Relatório do Sindipeças e Abipeças mostra que a idade média dos automóveis leves brasileiros é de 10 anos e 5 meses – número que a posiciona como a mais velha em 26 anos (Por Lucas Torres jornalismo@novomeio.com.br)
Especialistas destacam impacto ambiental do envelhecimento da frota

Num período em que a pauta da sustentabilidade tem guiado as ações de inovação do mercado automotivo, dados da configuração da frota de veículos circulantes no Brasil colocam em evidência a incongruência entre as mobilizações industriais e o cenário real vivido no país. Isto porque, de acordo com o estudo anual realizado pelo Sindicato Nacional da Indústria de Componentes para Veículos Automotores (Sindipeças), os brasileiros têm tido cada vez mais dificuldade de manter uma atualização periódica de seus veículos.

A edição 2022 do Relatório da Frota Circulante, do Sindipeças e Abipeças, que acaba de ser divulgada – e é destaque deste Novo Varejo – mostra que a idade média dos automóveis leves brasileiros é de 10 anos e 5 meses – número que a posiciona como a mais velha em 26 anos.

Para vislumbrar com mais nitidez este progressivo envelhecimento, basta comparar o percentual de veículos com até cinco anos de uso existente em 2012 em relação ao atual. Há 10 anos, 43,1% dos carros que circulavam em nosso território tinham até meia década de vida. Hoje, este percentual é de apenas 23,5%.

O cenário não apenas aponta com clareza a dificuldade que o país terá para popularizar modelos de configuração mais sustentável ao longo dos próximos anos, mas também indica um agravante para as urgências de proteção ambiental. Afinal, segundo advertem especialistas como o coordenador de projetos do Instituto de Energia e Meio Ambiente (IEMA), David Tsai, e o Gerente do Departamento de Apoio Operacional da Companhia Ambiental do Estado de São Paulo (CETESB), Carlos Lacava, quanto mais velho um automóvel, maior é a emissão de poluentes. Em uma rodada de reflexões conduzida para o Novo Varejo, Tsai e Lacava aprofundaram pontos importantes sobre essa relação envelhecimento da frota e danos ambientais, bem como refletiram sobre as inovações e diretrizes nacionais e internacionais para a temática de mobilidade urbana.

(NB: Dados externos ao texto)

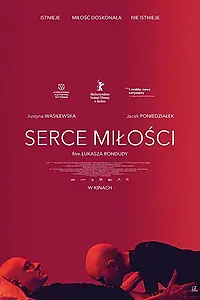 Постер к фильму «Сердце любви (2017)»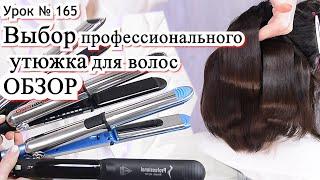 Как выбрать утюжок для волос.Профессиональный выпрямитель BaByliss PRO Elipsis 3000. Урок№165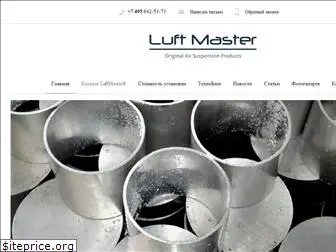 luftmaster.com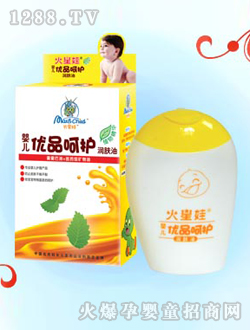 �����ދ냺��(y��u)Ʒ���o(h��)��(r��n)�w��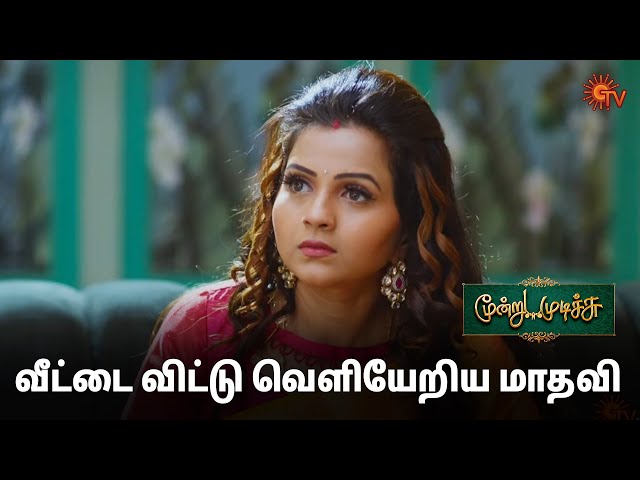 போதும் உங்க நாடகம் எல்லாம் 😑| Moondru Mudichu - Semma Scenes | 19 Feb 2025 | Tamil Serial | Sun TV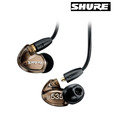 Shure SE535-V-KCE Sound Isolating Earphones, Metallic Bronze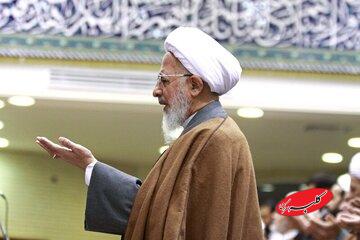 آیتالله جوادی آملی در قم بر پیکر رهبر شهید نماز اقامه میکنند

Novo Varejo – De acordo com levantamento do Sindipeças, a idade média da frota brasileira ultrapassou os 10 anos de idade em 2021. Qual é a relação entre o envelhecimento dos carros e a emissão de gases poluentes por parte destes automóveis?

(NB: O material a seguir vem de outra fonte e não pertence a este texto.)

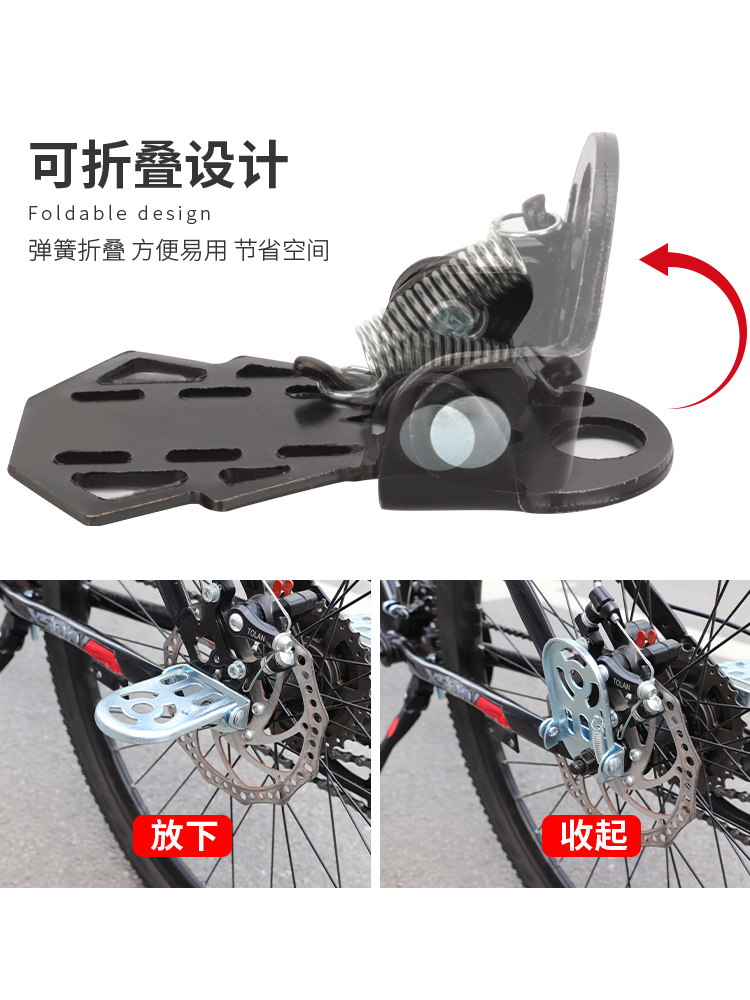 适用自行车后座脚踏板可折叠山地车电动通用儿童后轮载人踩脚配件
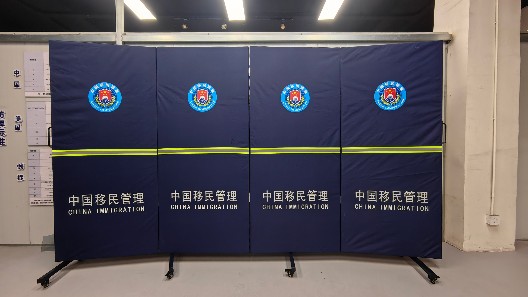 為執(zhí)法助力！振弘實(shí)業(yè)推出高性能定制圍擋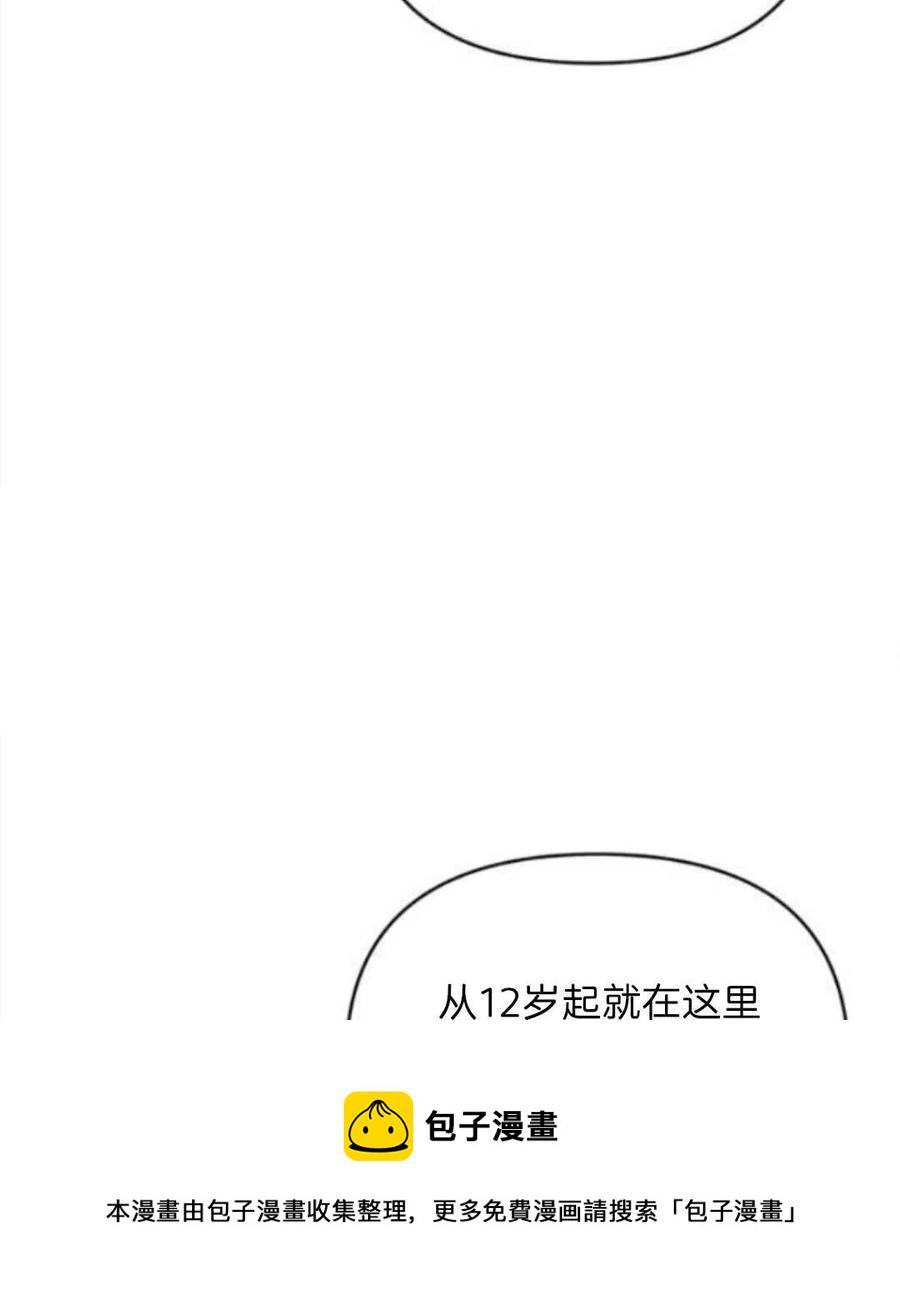 第24话115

David Tsai – Em primeiro lugar, veículos mais antigos emitem mais poluentes devido ao gradativo aperto nos limites de emissão para veículos novos ao longo dos anos exigido pelo Programa Nacional de Controle de Emissões Veiculares, o Proconve. Ou seja, os fabricantes de veículos são exigidos a colocar no mercado gerações de veículos cada vez menos poluentes de período em período, isso acontece desde a virada dos anos 80 para os anos 90. Em segundo lugar, as emissões poluentes de qualquer veículo aumentam com a sua idade, o que é chamado de deterioração de emissões, mesmo considerando a manutenção adequada do veículo. Isso acontece em razão do desgaste dos elementos ativos dos catalisadores.

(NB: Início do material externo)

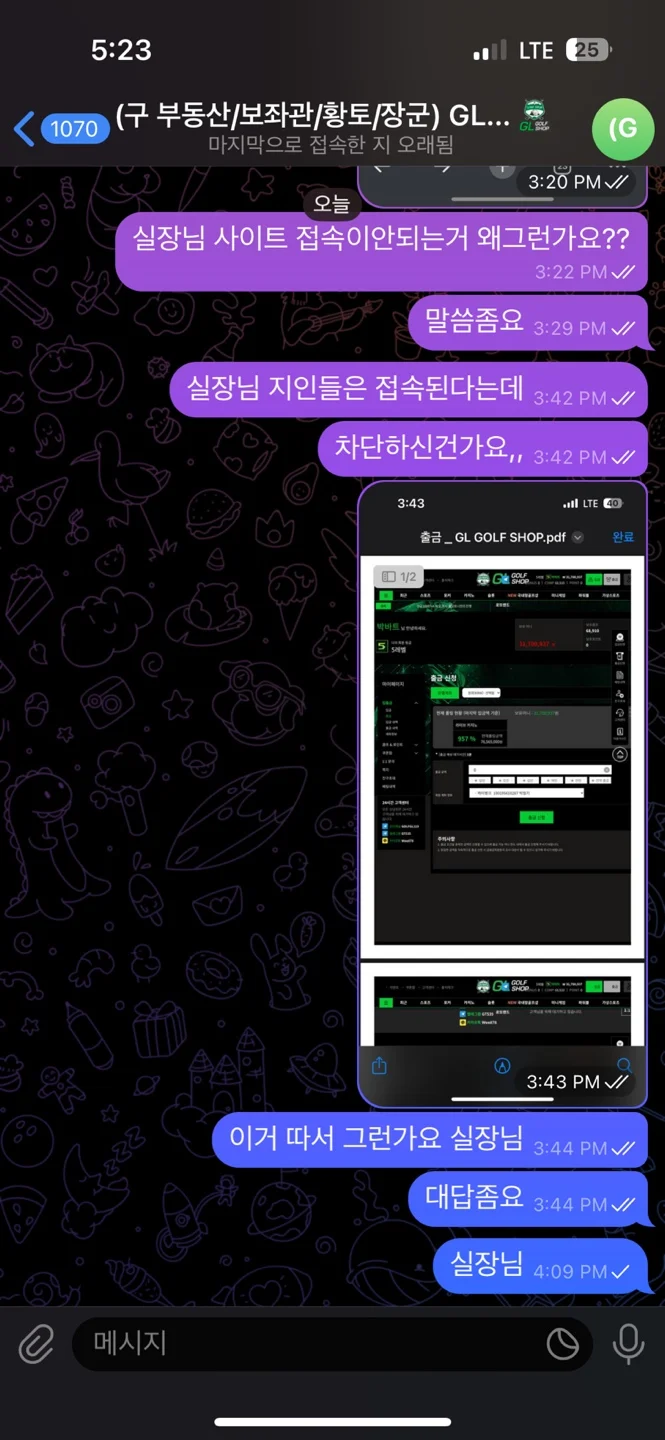 골프4.webp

Carlos Lacava – Os veículos possuem fatores de emissão de poluentes que variam conforme a época de sua fabricação. Notadamente isso se dá pela evolução das fases do Proconve (Programa de Controle da Poluição do Ar pelos Veículos Automotores), ou seja, veículos mais novos têm limites de emissão de poluentes mais restritivos. Evidentemente, esse ganho em termos de emissão total se dá pelo sucateamento dos veículos mais poluentes, que deixam de circular ou que circulam menos. É importante ressaltar que o Proconve (e o Promot para motocicletas) regulam somente a emissão de poluentes tóxicos, como monóxido de carbono, material particulado, óxidos de nitrogênio e hidrocarbonetos. Não há regulamentação para o controle de emissões de gases de efeito estufa (GEE), como o CO2. Os poluentes tóxicos têm efeito mais significativo sobre a saúde em ambientes urbanos onde há grande emissão, enquanto os GEE possuem efeito sobre o clima em escala global.

Carlos Lacava lembra que não há regulamentação para o controle de emissões de gases de efeito estufa

NV – Estamos num momento em que a indústria automotiva mundial discute novas tecnologias para diminuir o impacto ambiental dos automóveis. Na sua visão, alguma delas, com destaque para a eletrificação, representam real alternativa para um transporte individual mais sustentável?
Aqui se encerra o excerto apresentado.